Again using the Block Groups as a proxy for a “Community,” the ACS data were chosen to gain an understanding of the “Household” economic condition within the communities.  These variables are predominantly measures by household instead of individual, with the exception being persons living between 100%–200% of Federal Poverty Level.
     
Through the research we found that many of these variables are calculated and combined in several other federal initiatives. The USDA Food Access program, for example, uses median income to determine “low-income neighborhoods,” and the US Department of Housing and Urban Development uses the ratio of poverty to income to classify household types.

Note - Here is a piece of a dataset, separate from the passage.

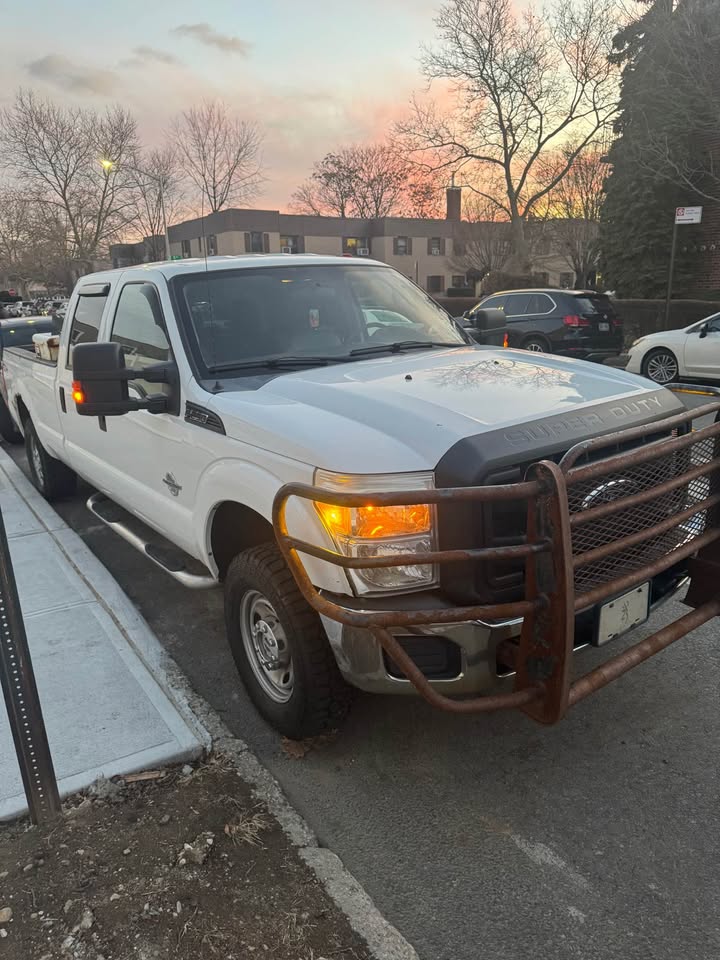 2011 Ford F250 Super Duty Crew Cab · XL Pickup 4D 8 ft - photo 4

The Wake County Economic Health Index is meant to compare the conditions within each community to better understand what type of financial constraints residents within that community may be facing. Two examples would be comparing median household income with the percentage of persons spending greater than 30% of income on rent (cost burden). Based on the median household income of Wake County (approx. $64,000) the percentage of persons determined to be between 100% and 200% (between $22,000 and $44,000, respectively) helps identify a “low to moderate” income population.
 
The Wake County Community Assessment for Economic Health contains the following socioeconomic and demographic variables:

  • Median Household Income: The median household income in the past 12 months

  • Food Stamps: Measured as a percentage of households in each block group

  • Rent as greater than 30% of Income: Gross rent as a percentage of household income

  • Home Mortgage as greater than 30% of Income: Mortgage status by owner cost as a percentage of household income

  • Persons living between 100%–200% of Federal Poverty Level: Ratio of income to poverty level for whom poverty status is determined between 100 and 200 percent.
 
Percentages were calculated for each factor by block group. The tabular information was then sorted from lowest to highest percentage and given a rank, with the exception of Median Household Income. Median Household Income was sorted highest to lowest, so that the higher median incomes were given a lower score.    
The scores and ranking are based on the total number of block groups in Wake County, 1–455. Once each factor was sorted and scored, the scores of each factor were added up to produce a total score. The total scores were then sorted and ranked, 1–455.
 
This methodology allows the user to gauge the economic impact of living in certain block groups throughout the county. The median household income in comparison to the ratio of poverty (200% and below are households earning less than $44,000 per year in Wake County) and the percent of households spending greater than 30% of family income (“cost burden” for mortgage or rent), can identify possible economic stress in those communities.